TAO Toolkit users create custom AI models by modifying the training hyperparameters defined in each spec file. This guide includes sample spec files and paramter definitions for all models supported by TAO. Refer to the corresponding Computer Vision or Conversational AI section for desired model. Along with creating accurate AI models, the TAO Toolkit is also capable of optimizing models for inference to achieve the highest throughput for deployment.

Note

What is Transfer Learning?
Transfer learning is the process of transferring learned features from one application to another. It is a commonly used training technique where a model trained on one task is re-trained for use on a different task. This works surprisingly well as many of the early layers in a neural network are the same for similar tasks. For example, many of the early layers in a convolutional neural network used for a CV model are primarily used to identify outlines, curves, and other features in an image. The learned features from these layers can be applied to similar tasks carrying out the same identification in other domains. With transfer learning, less data is required to accurately train a model compared to training that same model from scratch. To learn more about transfer learning, read this blog.

TAO Toolkit is a Python package hosted on the NVIDIA Python Package Index. It interacts with lower-level TAO dockers available from the NVIDIA GPU Accelerated Container Registry (NGC); TAO containers come pre-installed with all dependencies required for training. The CLI is run from Jupyter notebooks packaged inside each docker container and consists of a few simple commands such as data augmentation, train, evaluate, infer, prune, and export. The output of the TAO workflow is a trained model that can be deployed for inference on NVIDIA devices using DeepStream, TensorRT, Riva, and the TAO CV Inference Pipeline.
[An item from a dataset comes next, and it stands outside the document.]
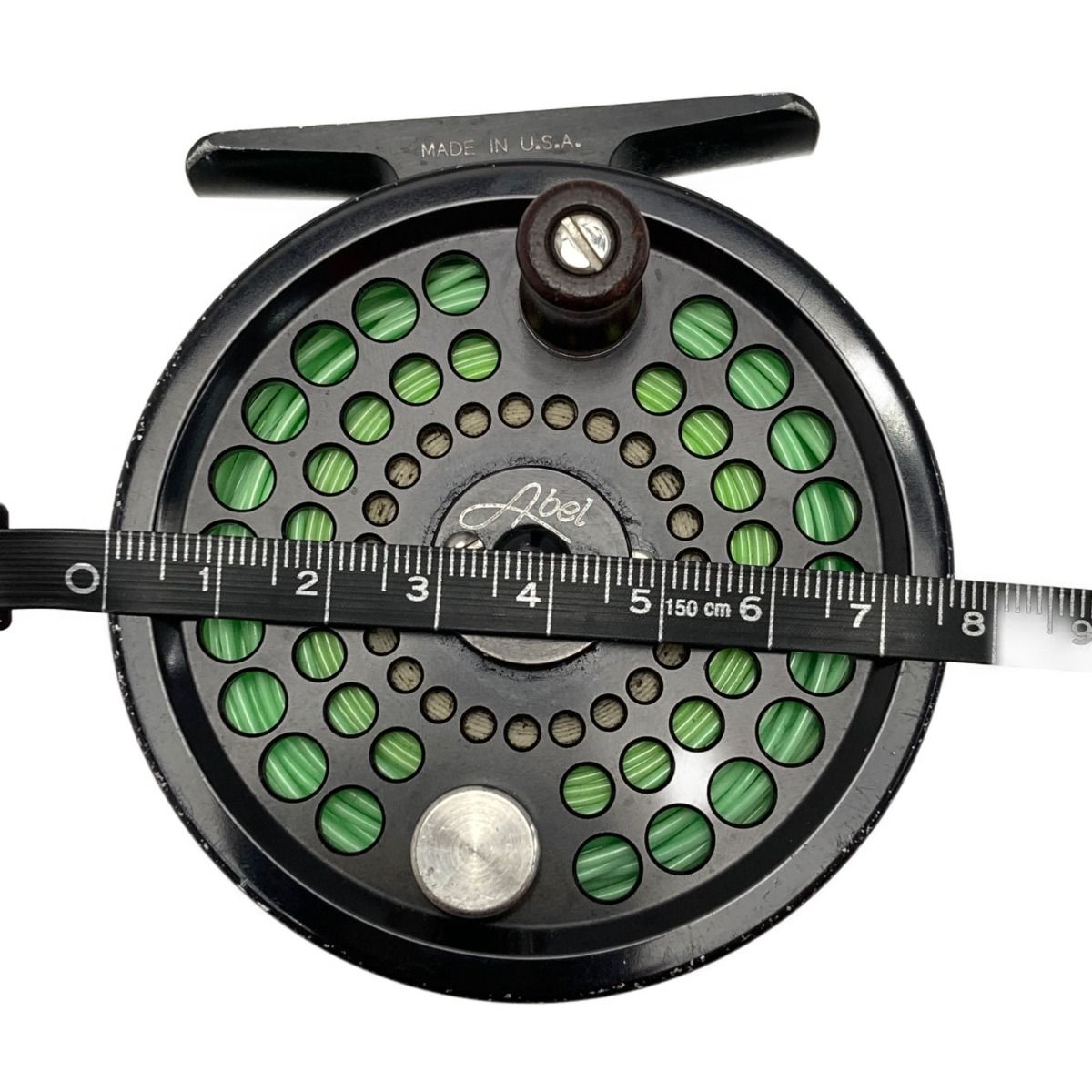 エーベル Abel TR1 フライリール Abel TR-1 エーベル フライリール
The TAO application layer is built on top of CUDA-X which contains all the lower level NVIDIA libraries. These include NVIDIA Container Runtime for GPU acceleration, CUDA and cuDNN for deep learning (DL) operations, and TensorRT for optimization and generating TensorRT compatible models for deployment. TensorRT is the NVIDIA inference optimization and runtime engine. Models that are generated with TAO are completely accelerated for TensorRT, so users can expect maximum inference performance without any extra effort.

With TAO Toolkit, users can train CV models for tasks such as object detection, image classification instance and semantic segmentation, optical character recognition (OCR), Facial landmark estimation, gaze estimation and more. Vision modality is used to extract insights from images or videos. For more information about all the CV models refer to the Computer Vision section of this documentation.

Users can also train Conversational AI models. Coversational AI is a term used to refer to a set of technologies which enable building intelligence capable of having a free flowing conversation. Building Conversational AI systems and applications is generally hard, and tailoring them to the needs of your enterprise is even harder. If you are interested in using TAO for Conversational AI applications, you can find more details in the ASR and NLP sections of this documentation. To learn more about deployment with Riva, refer to the Riva documentation and the section on Integrating TAO Trained Models to Riva; here you can find more details on how to use Riva for deploying Conversational AI models trained using TAO.

Model pruning is one of the key differentiators for TAO Toolkit. Pruning involves removing nodes in the neural network which contribute less to the overall accuracy of the model. With pruning, users are able to reduce the overall size of the model significantly resulting in a much lower memory footprint and higher inference throughput, which are very important for edge deployment. Currently pruning is only supported on most CV models and not on Conversational AI models. The following graph provides an example of performance gains achieved when going from an unpruned CV model to a pruned CV model (inference was run on an NVIDIA T4; TrafficCamNet, DashCamNet and PeopleNet are three of the custom pre-trained models that are available on NGC).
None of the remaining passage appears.